At Quartz Creek, the new trammel was a complete bust. When Jason arrived again, he saw the operation at a standstill and Todd a dejected man. He advised him to cut his crew. Not wanting to do this, he called a meeting and decided to shut down Quartz Creek and keep Indian River running day and night without sending anyone home.
At Porcupine Creek, the Dakota Boys finally passed their break-even point and here hoping for redemption when Fred broke his ankle and now in excruciating pain and out for the rest of the season.
At Smith Creek, Parker was running out of places to dig and his 161 ounces fell short of the 300-ounce goal. As the winter was arriving, he was called to an emergency meeting with his mother and grandpa. His mother showed him all the bills she was unable to pay. Parker had another chance to pay off his debt and went to work. Overnight, the Alaskan winter hit hard, shutting down the season.
At Indian River, the Alaskan winter was also a threat, but Jack Hoffman knew that back in the 1800s the miners built fires in the pits to thaw out the land. When Dave Turin told Jack that a campfire would not do it, Jack told him it would be the fires from hell; and hell it was.
At Porcupine Creek, Fred pushed through the pain and continued to dig just 21 ounces short of their goal. The bottom of the glory hole was solid rock and Fred’s equipment could not get him any deeper. Dustin decided to dredge the glory hole in a last shot to find the elusive goal. In the end, they made their goal with two ounces to spare.
At Smith Creek, Parker’s final tally brought in over 192 ounces; another two ounces over the goal and Parker returned the key to Big Nugget to his grandfather for good. Parker will be mining elsewhere in the next season.
For the Hoffman crew, their final tally was 803 ounces, not quite the thousand they hoped for, but a whopping amount nonetheless.

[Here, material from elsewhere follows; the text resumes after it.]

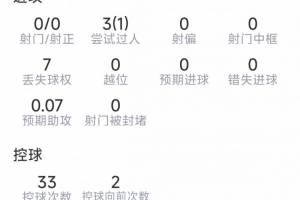 凭什么赢？三点拆解梅努本场的取胜钥匙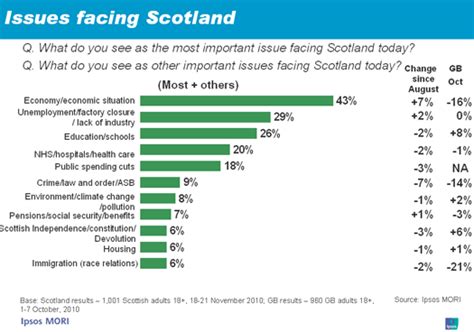 Most Important Issues Facing Scotland Ipsos Mori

This season, Parker will go it alone in the Klondike in search for his future, but faces rebellion from those who reject authority from someone so young. The Dakota crew will be exploring remote uncharted grounds in Alaska pitting father against son. And the Hoffman crew will be on another continent facing more dangers than cold weather in the jungles of Guyana on season four of "Gold Rush."